Where AI is delivering value — and where automation bias creeps in
AI is already delivering clear value in some parts of radiology, especially in structured screening workflows like cancer detection. In A Giant Leap, Wachter points to mammography as one example where AI-assisted screening has shown promising results, highlighting the Swedish MASAI trial, where an AI-assisted workflow identified about 20% more cancers while reducing radiologist workload.[1] He also notes an important behavioral risk: when AI marks a case as positive, radiologists may be inclined to go along with it rather than overrule it, because missing a true positive feels much riskier than accepting a false alarm.
That is part of what makes the MASAI workflow so interesting: cases the AI considered more suspicious were reviewed by two radiologists, while lower-risk cases could be signed off by one.[1] This is exactly the kind of issue we want to help uncover: where AI may push radiologists toward approving false positives, and where its failure patterns suggest the need for more careful human review, so hospitals can design better review workflows and workload policies, as in the MASAI trial. This will help radiologists stay vigilant, rather than become overly reliant on AI or be conditioned by it to accept false outcomes.
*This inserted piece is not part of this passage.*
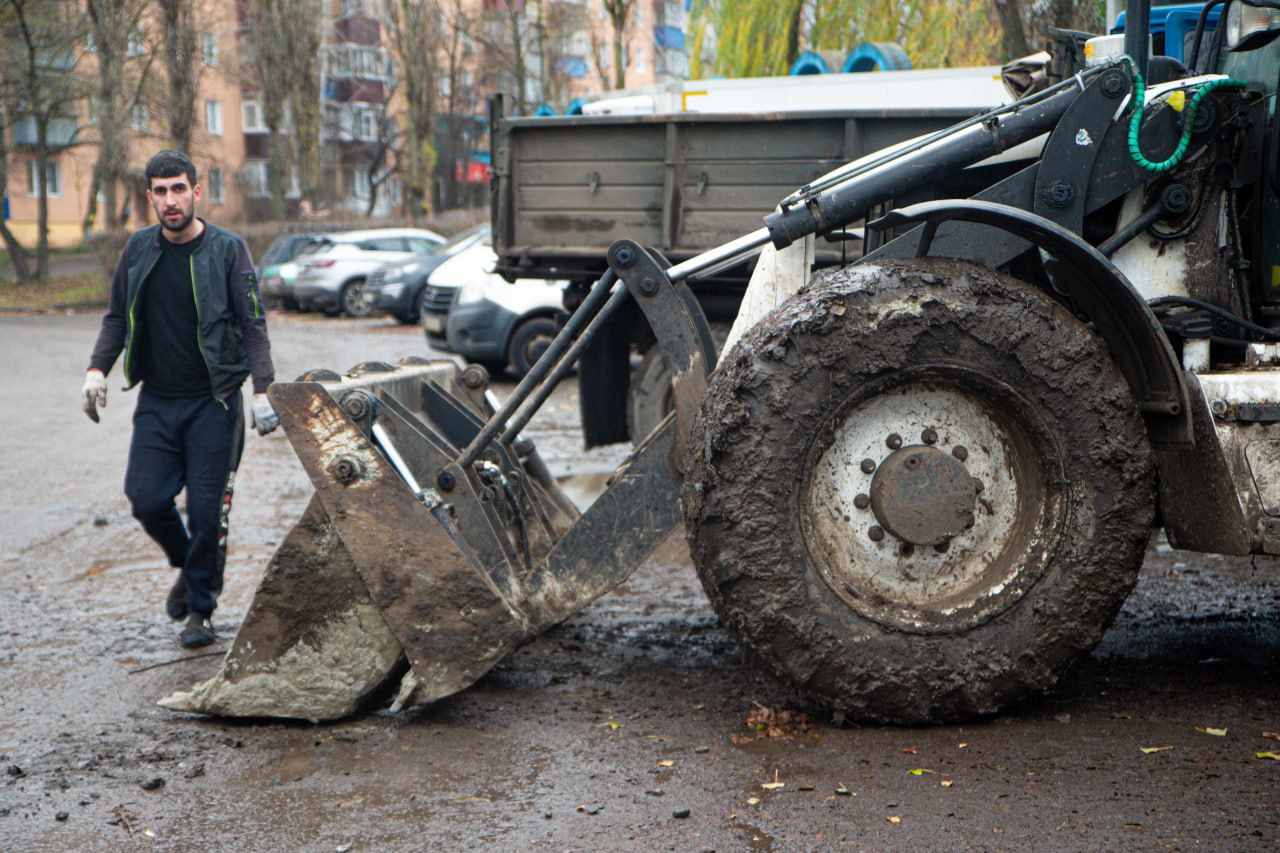 Сквер на Интернациональной благоустраивают с учётом пожеланий курян Сквер на Интернациональной благоустраивают с учётом пожеланий курян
A demo: what intelligent reliability looks like in practice
To make that concrete, we built a demo to show what an intelligent reliability layer for radiology AI can look like in practice. For this demo, we evaluated a mammography-adapted LLaVA-based vision-language model[2] on 945 mammogram question-answer pairs from the VinDr-Mammo evaluation dataset,[3] covering tasks such as ACR density, abnormality detection, BI-RADS scoring, laterality, and view classification. The model reached 79.1% overall accuracy and an F1 score of 0.883, but the more important insight was that those averages hid clinically meaningful failure patterns.
Three concrete risks the demo surfaced
- A systematic BI-RADS severity downgrading pattern, where the model often called cases less severe than they really were.
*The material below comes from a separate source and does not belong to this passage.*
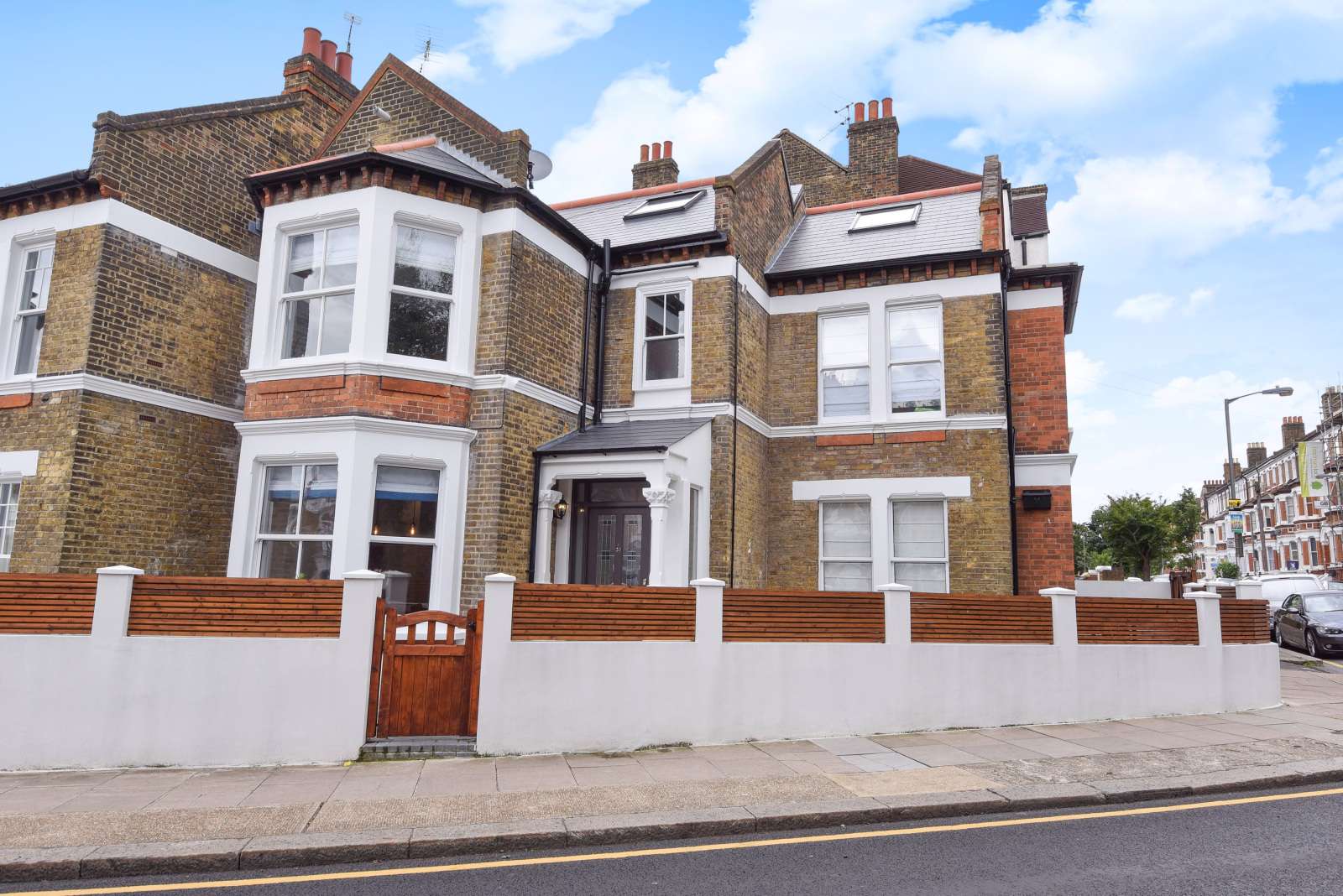 Oakhill Road, Putney, London, SW15 2QR คุณสมบัติ รอขาย Savills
- Weak abnormality detection, with many truly abnormal cases labeled "normal".
- Non-uniform performance across patients, with substantial drops for older patients on tasks like density assessment and abnormality detection.
The demo also showed where the model was more dependable, such as basic view and laterality identification.
Case-level analysis
The case-level analysis made these patterns more tangible. In one example, a highly suspicious BI-RADS 5 case was predicted as BI-RADS 1 — the worst possible direction of error — and the model’s answers scattered widely across repeated runs with near-maximum uncertainty. In another, a benign BI-RADS 1 case was predicted correctly every time, with unanimous agreement and zero uncertainty.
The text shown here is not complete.